> [DATA EXCERPT]:
=== Section Start ===

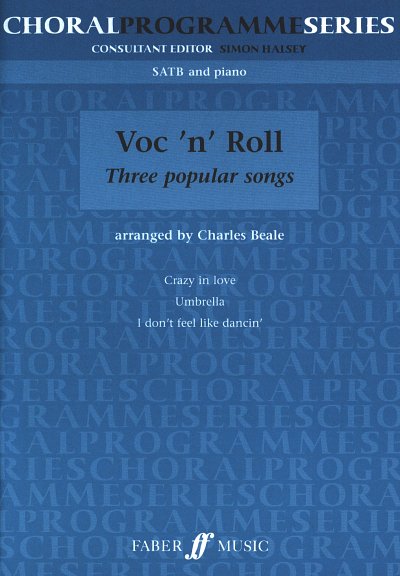 C. Beale: Voc 'n' Roll, GchKlav (Part.)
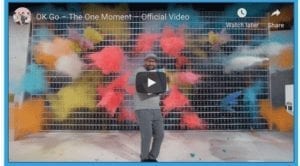 OK Go: The One Moment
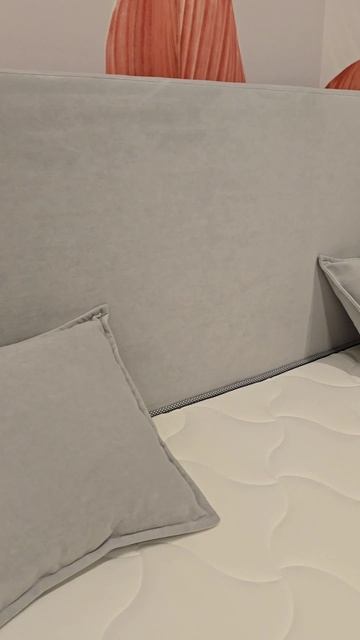 Двуспальная кровать с изголовьем смотреть онлайн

=== Section End ===

> [YOUR ASSIGNMENT]:
Would you transcribe the whole listing above exactly? The pictures should not be included.

> [RESULT]:
 C. Beale: Voc 'n' Roll, GchKlav (Part.)
 OK Go: The One Moment
 Двуспальная кровать с изголовьем смотреть онлайн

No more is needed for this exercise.